What to work on | Once you find the line below that has "Kinh nghiệm chơi bài xì dách chắc thắng", output it and every line after it exactly, stopping after the line that has "Stephen King: A", with no pictures.

Start of Given data

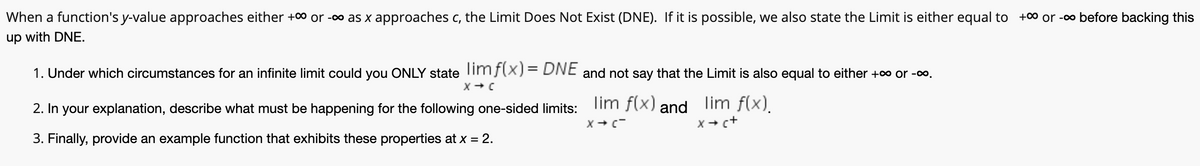 When a function's y-value approaches either +0 or -o as x approaches c, the Limit Does Not Exist (DNE). If it is possible, we also state the Limit is either equal to +0 or -o before backing this
up with DNE.
1. Under which circumstances for an infinite limit could you ONLY state imf(X)= DNE and not say that the Limit is also equal to either +0 or -o.
2. In your explanation, describe what must be happening for the following one-sided limits:
lim f(x) and
lim f(x).
x + c+
3. Finally, provide an example function that exhibits these properties at x = 2.
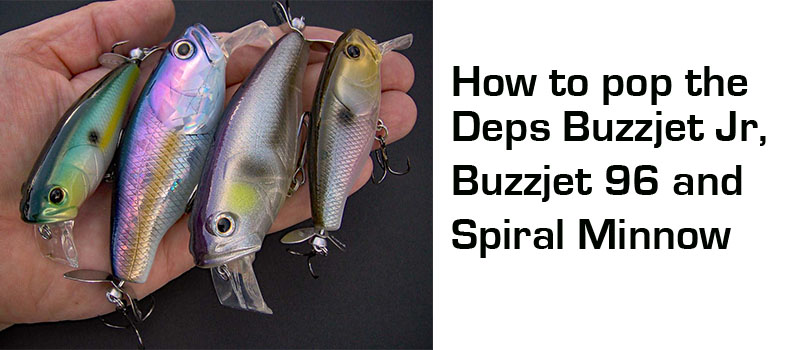 How to pop the Deps Buzzjet Jr, Buzzjet 96 and Spiral Minnow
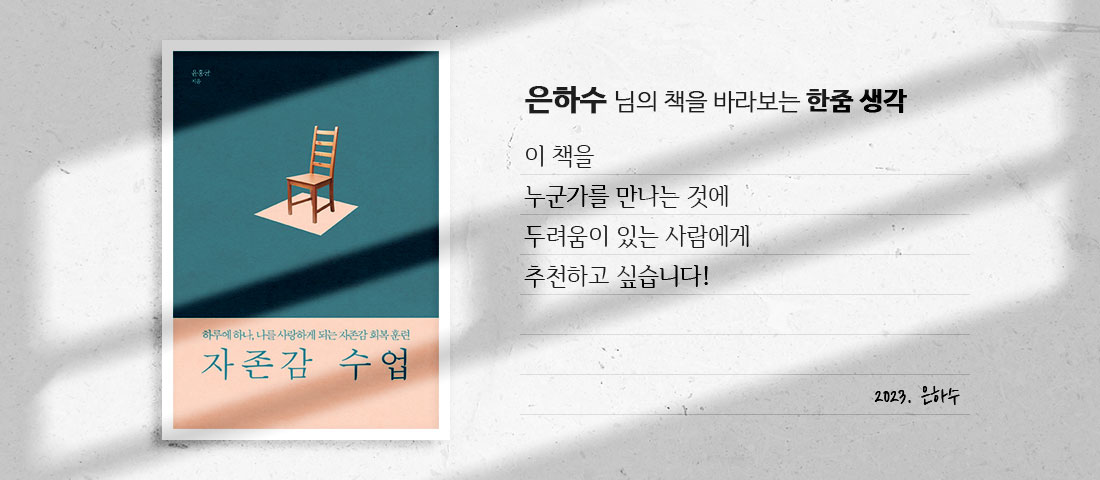 [자존감 수업]은하수 님의 책을 바라보는 한줌 생각:이 책을 누군가를 만나는 것에 두려움이 있는 사람에게 추천하고 싶습니다!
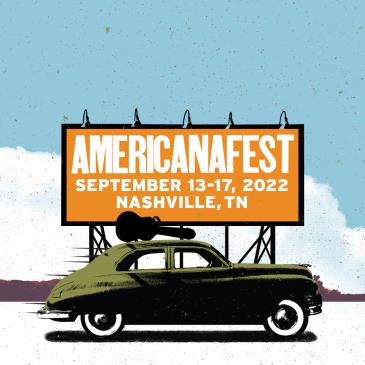 AMERICANAFEST: 2022 Americana Music Festival & Conference: 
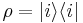 \textstyle\rho = |i\rang\lang i|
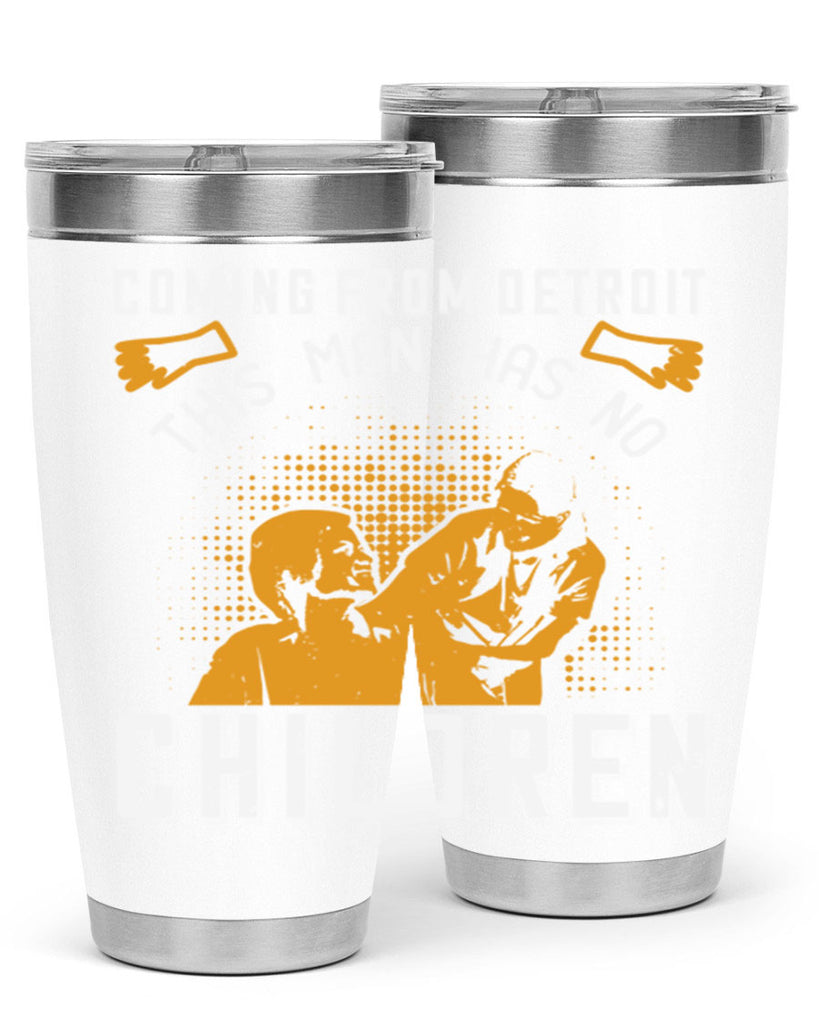 Coming from Detroit this man has no children Style 4#- medical- tumbler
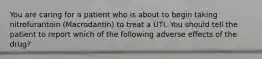 You are caring for a patient who is about to begin taking nitrofurantoin (Macrodantin) to treat a UTI. You should tell the patient to report which of the following adverse effects of the drug?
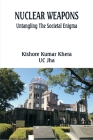 Nuclear Weapons: Untangling the Societal Enigma By Kishore Kumar Khera, Uc Jha Cover Image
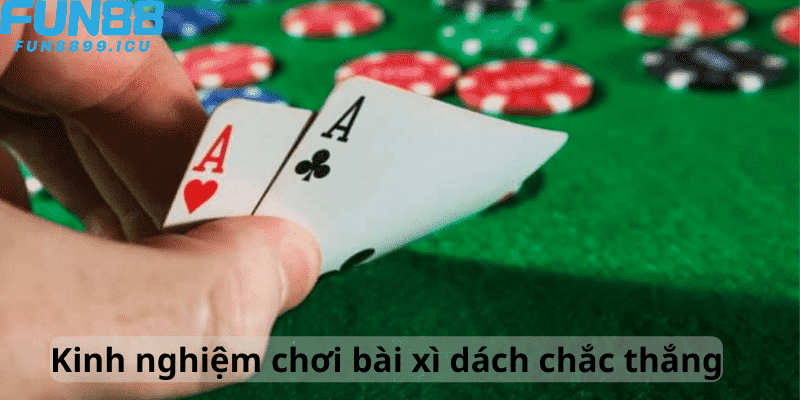 Kinh nghiệm chơi bài xì dách chắc thắng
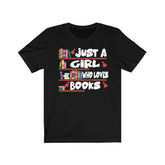 Just A Girl Who Loves Books Shirt, Book Lover Gift, Reading Lover Gift, Book Shirt, Adult Toddler Infant Kids Gift T-Shirt Image 1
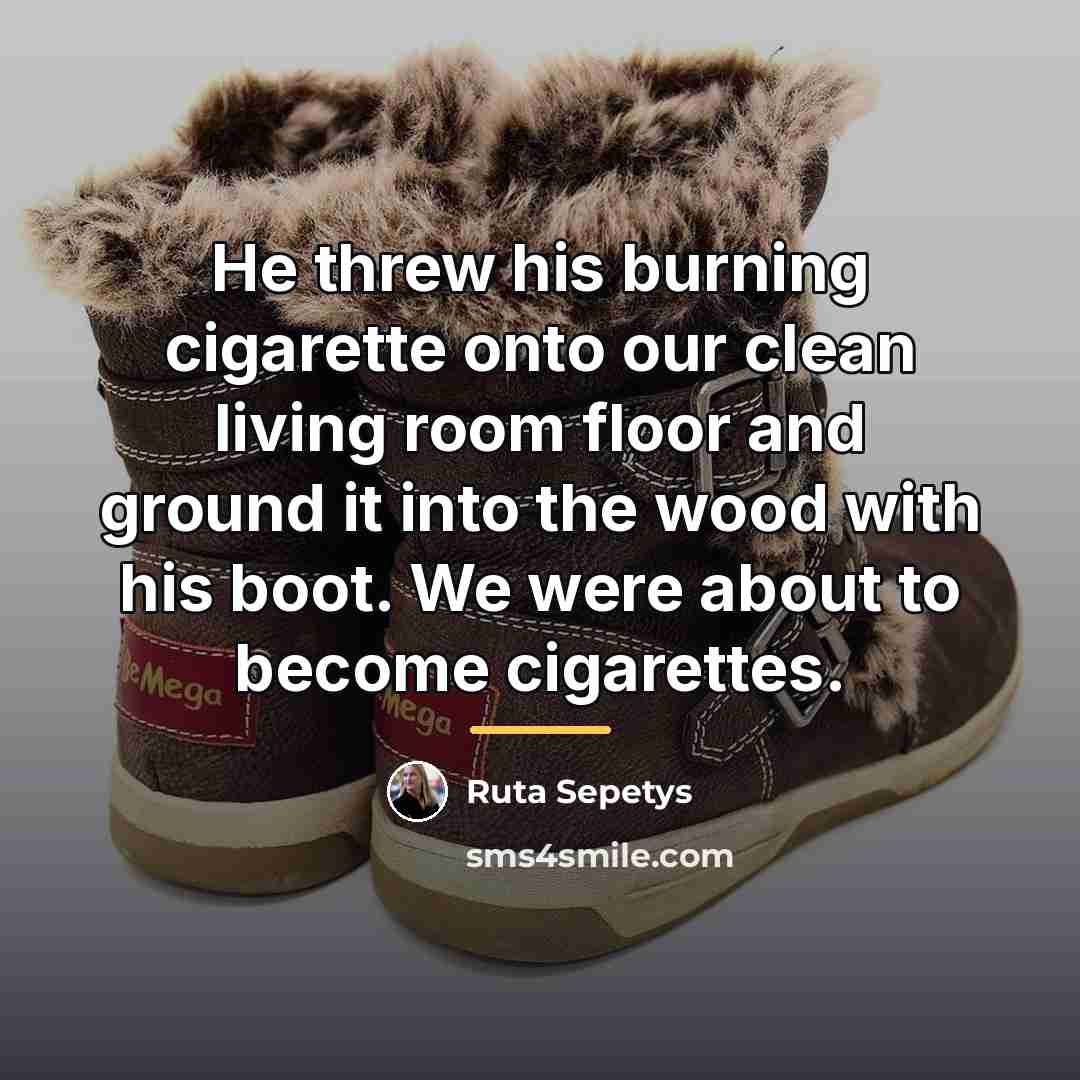 “He threw his burning cigarette onto our clean living room…” quote by Ruta Sepetys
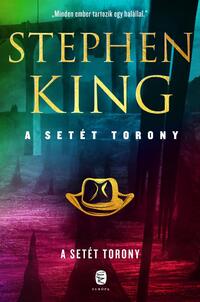 Stephen King: A Setét Torony - A Setét Torony 7. kötet -  (Könyv)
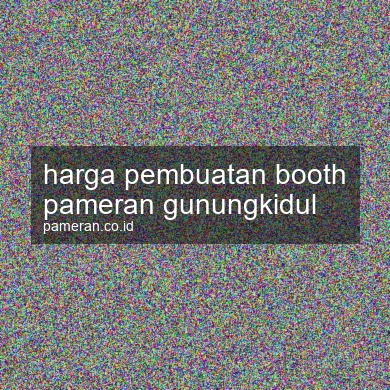 Harga Pembuatan Booth Pameran Gunungkidul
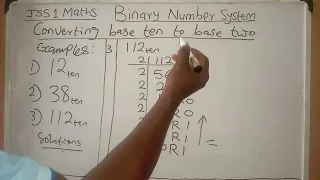 BINARY NUMBER SYSTEM JSS1 MATHEMATICS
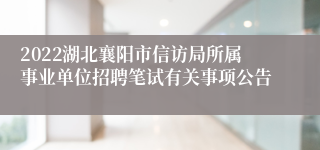 2022湖北襄阳市信访局所属事业单位招聘笔试有关事项公告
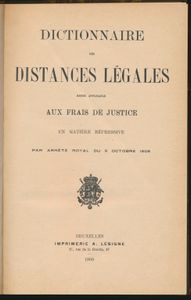 Dictionnaire des distances légales rendu applicable aux frais de justice en matière répressive; A. Lesigne; 1908; gedruckt; gebunden/geklebt; Französisch; 291 Seiten; Hardcover; in recht gutem Zustand
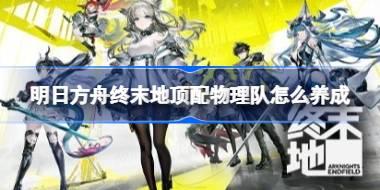 明日方舟终末地顶配物理队怎么养成 明日方舟终末地顶配物理队养成攻略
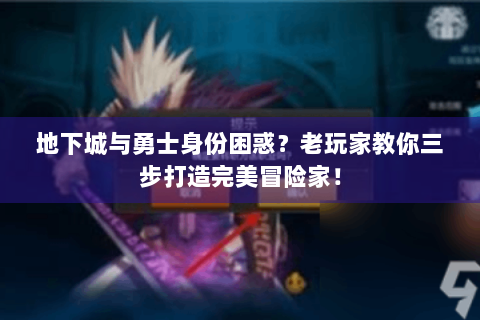 地下城与勇士身份困惑？老玩家教你三步打造完美冒险家！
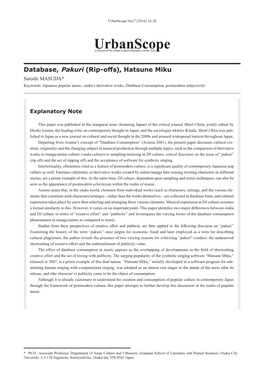 Hatsune Miku Satoshi MASUDA* Keywords: Japanese Popular Music, Otaku’S Derivative Works, Database Consumption, Postmodern Subjectivity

End of Given data

Your response |
 Kinh nghiệm chơi bài xì dách chắc thắng
 Just A Girl Who Loves Books Shirt, Book Lover Gift, Reading Lover Gift, Book Shirt, Adult Toddler Infant Kids Gift T-Shirt Image 1
 “He threw his burning cigarette onto our clean living room…” quote by Ruta Sepetys
 Stephen King: A Setét Torony - A Setét Torony 7. kötet -  (Könyv)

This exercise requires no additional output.